(Stored items from a collection)
###

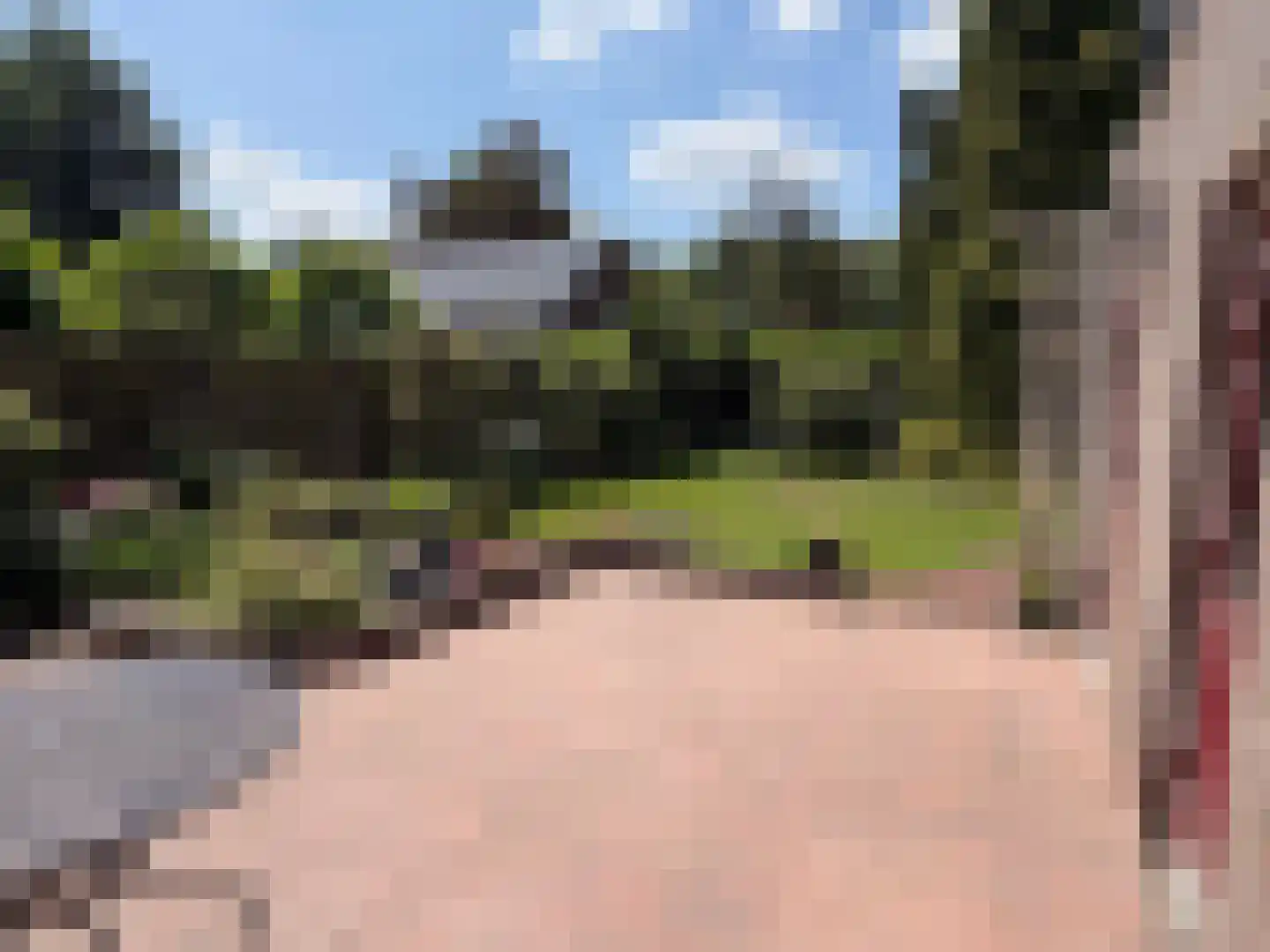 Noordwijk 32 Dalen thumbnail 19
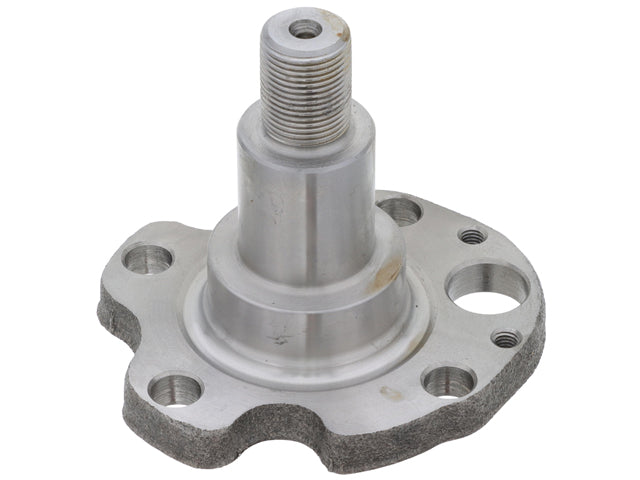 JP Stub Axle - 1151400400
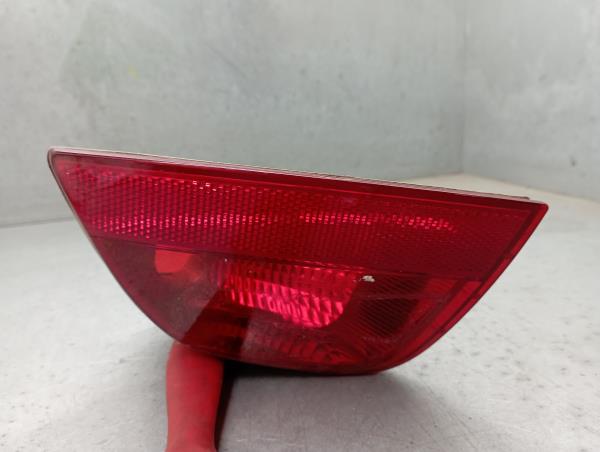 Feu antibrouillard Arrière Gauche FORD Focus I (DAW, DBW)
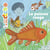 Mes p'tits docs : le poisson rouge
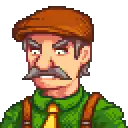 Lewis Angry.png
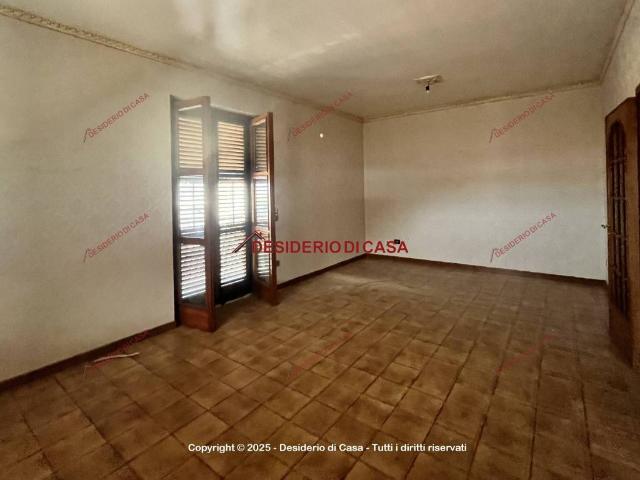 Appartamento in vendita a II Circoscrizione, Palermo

###

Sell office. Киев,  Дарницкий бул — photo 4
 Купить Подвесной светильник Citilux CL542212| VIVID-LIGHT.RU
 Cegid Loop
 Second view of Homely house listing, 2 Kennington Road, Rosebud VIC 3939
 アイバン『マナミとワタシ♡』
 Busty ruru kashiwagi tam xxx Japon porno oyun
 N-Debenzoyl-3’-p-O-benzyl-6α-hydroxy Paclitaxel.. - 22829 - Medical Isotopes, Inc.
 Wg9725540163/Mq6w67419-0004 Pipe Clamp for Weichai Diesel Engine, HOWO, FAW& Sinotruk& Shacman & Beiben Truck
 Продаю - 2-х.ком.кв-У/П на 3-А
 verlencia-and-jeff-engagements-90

###

## Exercise objective
Could you restate, word for word, the lines above from the one with "Busty ruru kashiwagi" to the one with "verlencia-and-jeff-engagements-90", both included?

## Answer to the exercise
 Busty ruru kashiwagi tam xxx Japon porno oyun
 N-Debenzoyl-3’-p-O-benzyl-6α-hydroxy Paclitaxel.. - 22829 - Medical Isotopes, Inc.
 Wg9725540163/Mq6w67419-0004 Pipe Clamp for Weichai Diesel Engine, HOWO, FAW& Sinotruk& Shacman & Beiben Truck
 Продаю - 2-х.ком.кв-У/П на 3-А
 verlencia-and-jeff-engagements-90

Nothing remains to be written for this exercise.